Also, in an “Indolence and Regeneration” footnote, she writes:

“…some important guidelines for my understanding of representations as an integral part of the social fabric [comes from]… Joan W. Scott, who maintains, after Michel Foucault, the constitutive power of discourse (fn. 16 emp. +)

I have no idea what ‘constitutive’ means in these contexts. However, the connection to Foucault is clear.  Further, Foucault’s connection to Nietzsche is brought out in William V. Spanos’ The Errant Art of Moby-Dick.  He quotes Foucault as follows:

"Nietzsche's criticism… always questioned the [19th century] form of history… I am a Nietzschean."
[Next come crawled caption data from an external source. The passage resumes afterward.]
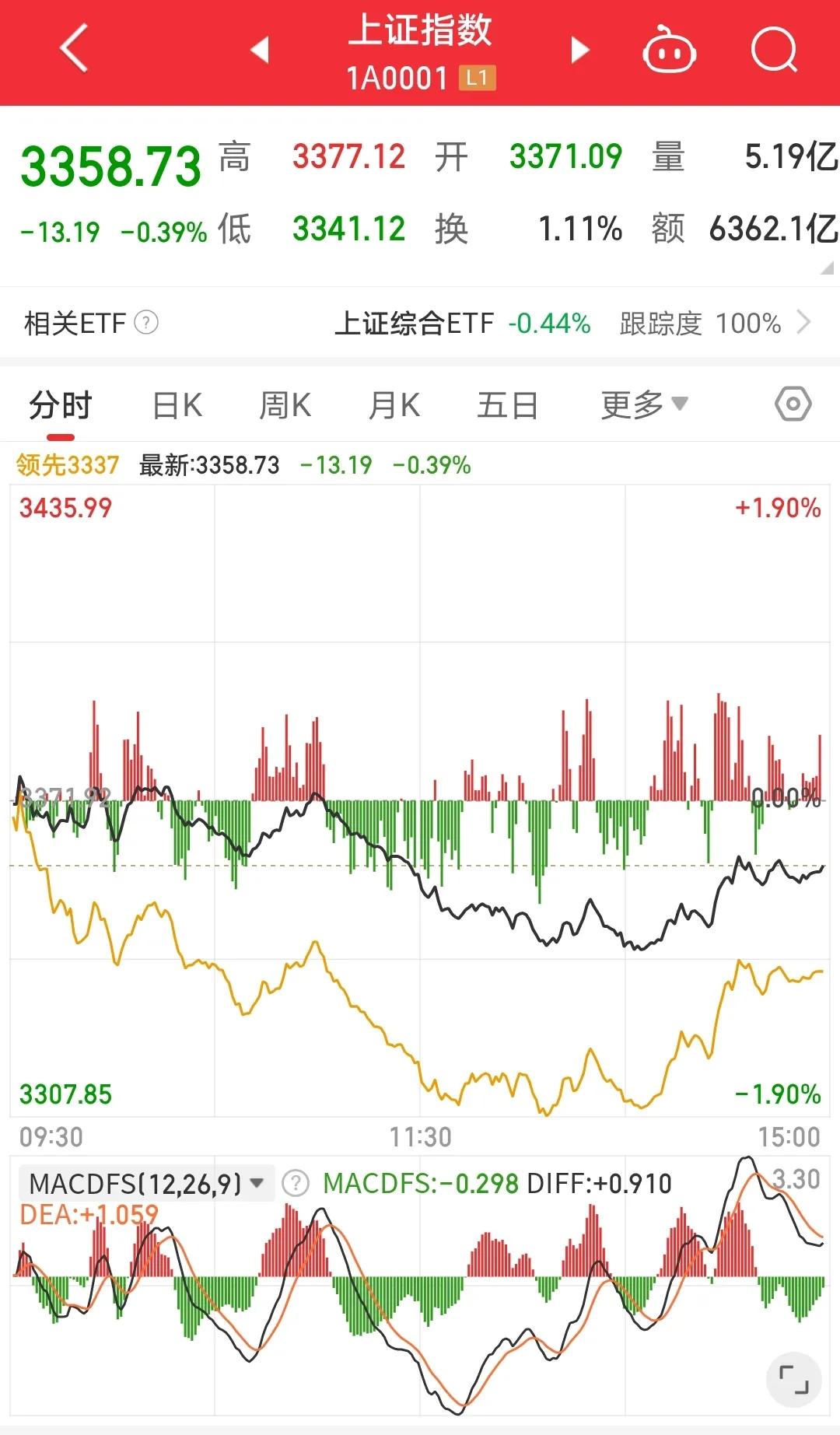 今天A股又稳定了二十多点，确定是牛市无疑。牛市的定义：市场充满机会，希望与幻想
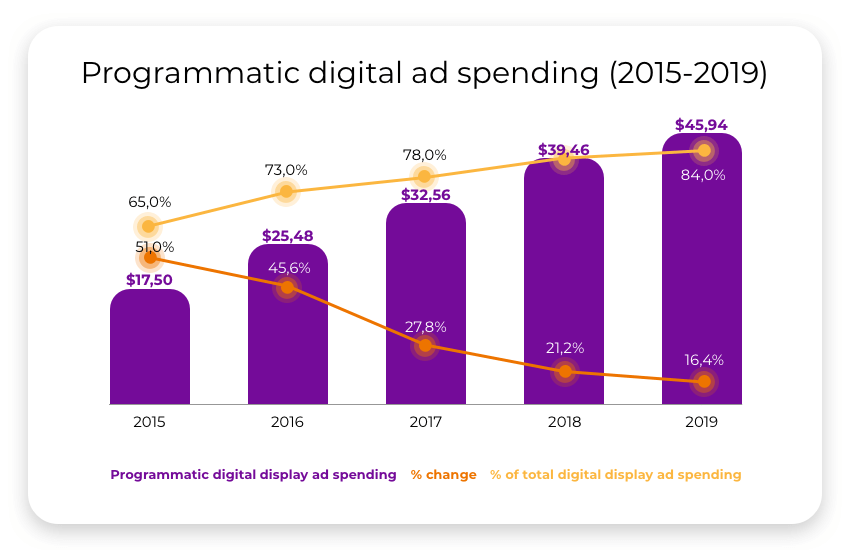 programmatic-ad-spending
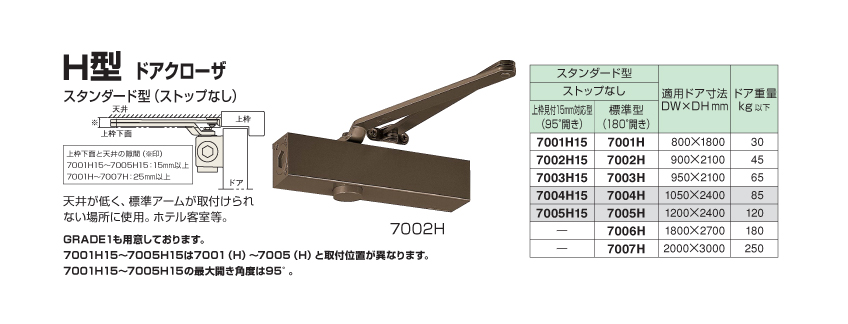 カタログ(ニュースター ドアクローザー 7000シリーズ【H型(ホテル客室用)】)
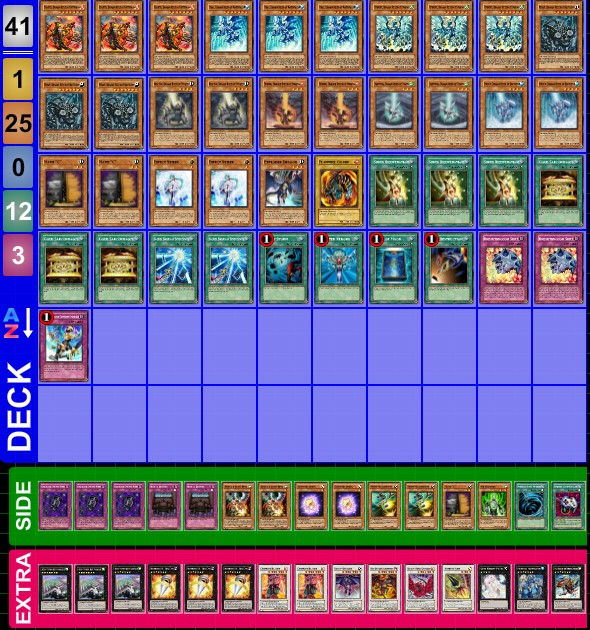 wcq-w7-swiss-decklist-post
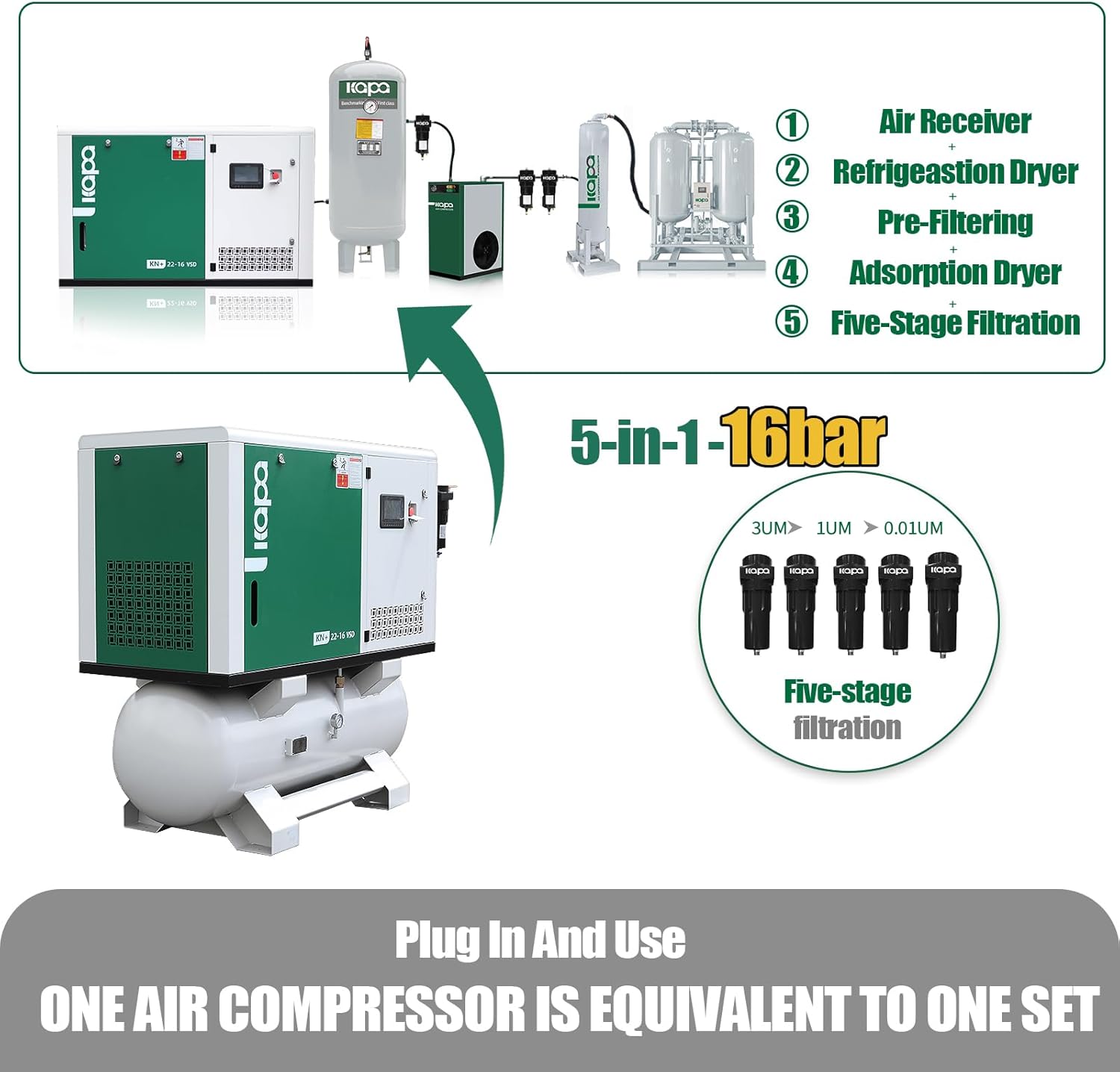 Step-by-step guide for kapa 30hp rotary screw air compressor review,should i buy a rotary screw air compressor,kapa 30hp air compressor pros cons,30hp screw compressor vs piston,kapa 30hp air compressor worth buying,best 30hp industrial air compressor - complete tutorial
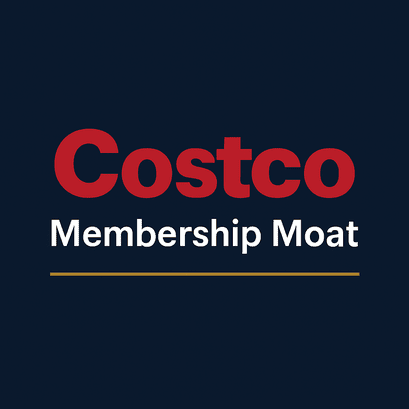 Costco Membership Moat logo graphic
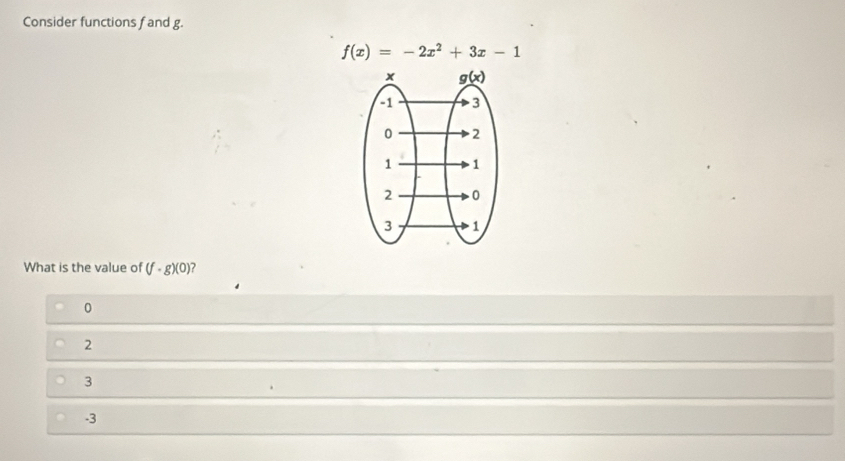 Consider functions f and g.
f(x)=-2x^2+3x-1
What is the value of (f· g)(0)
0
2
3
-3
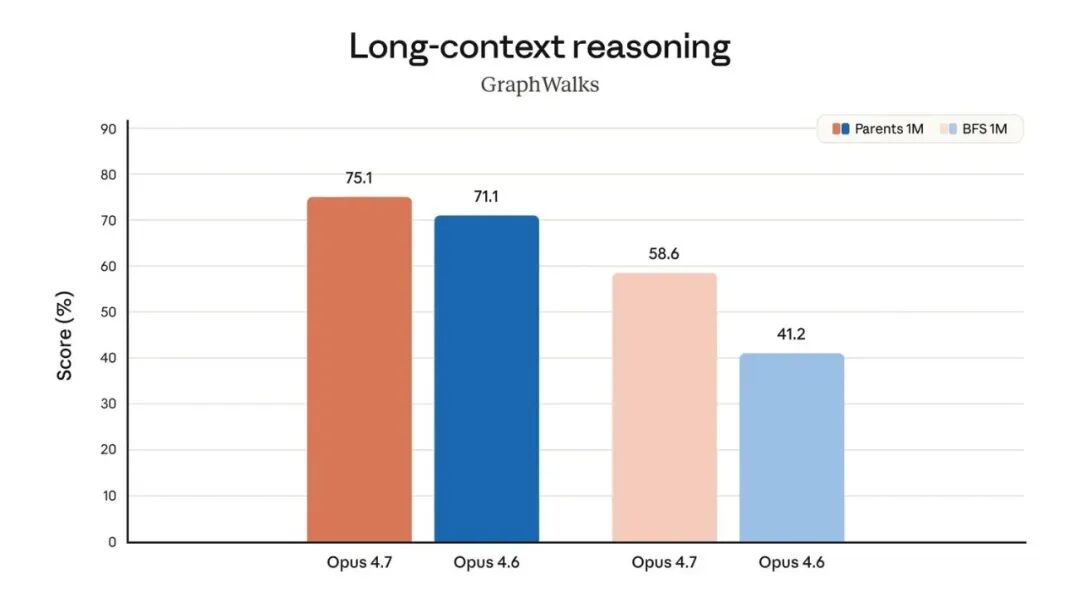GraphWalks 长文本推理基准：Opus 4.7 vs 4.6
Nietzsche made a career out of viciously attacking 19th century critical historiography.  The great historian and philologist Ulrih von Wilamowitz-Moellendorff  was not alone in seeing Nietzsche’s work as an attack on the basic tenets of scientific thought and took the position against Nietzsche's "rape of historical facts and all historical method"
Prof. Patriarca’s work, in this Foucault/Nietzscheian tradition, demonstrates her rejection of critical historiography by her treatment of quantitative documents in “How Many Italies?”
She writes:

“…this rhetorical question, which would appear to demand a reference to the reality behind the representation. In what follows, however, I will not invoke this reality, but will focus my attention on what today's social scientists would call "hard data," i.e. quantitative information, and treat them as a representation. ( emp.+P78)
Prof. Patriarca specifically rejects ‘reality’ as the object of her inquiry, whereas critical history is all about (indeed, only about) REALITY. 
“With ink, anyone can write anything”
For the critical historian, documents are the medium through which past societies come to be know.  But, the documents are not simply read and quoted, as Prof. Patriarca does throughout the “How Many Italies?” article. 
Marc Block writes:
“In the 11th century, a country squire of Lorraine in reference to some monks who had armed themselves in a lawsuit against him with documentary proofs, exclaimed: With ink, anyone can write anything” (p 79)
With that in mind, when presented with 1860s Italian quantitative documents, the critical historian will critique the documents in accordance with the principles of the “auxiliary science” of statistics, and compare them with corroborating documents. Bloch wrote: “At the bottom of nearly all criticism there is a problem of comparison.” (p.110)
Prof. Patriarca does neither (i.e. no statistical and no comparative analysis), and makes no references to such analysis in the form of parenthetical comments or annotated footnotes.  She simply reports the numbers as though they were [in fact] objective measures of  ‘reality.’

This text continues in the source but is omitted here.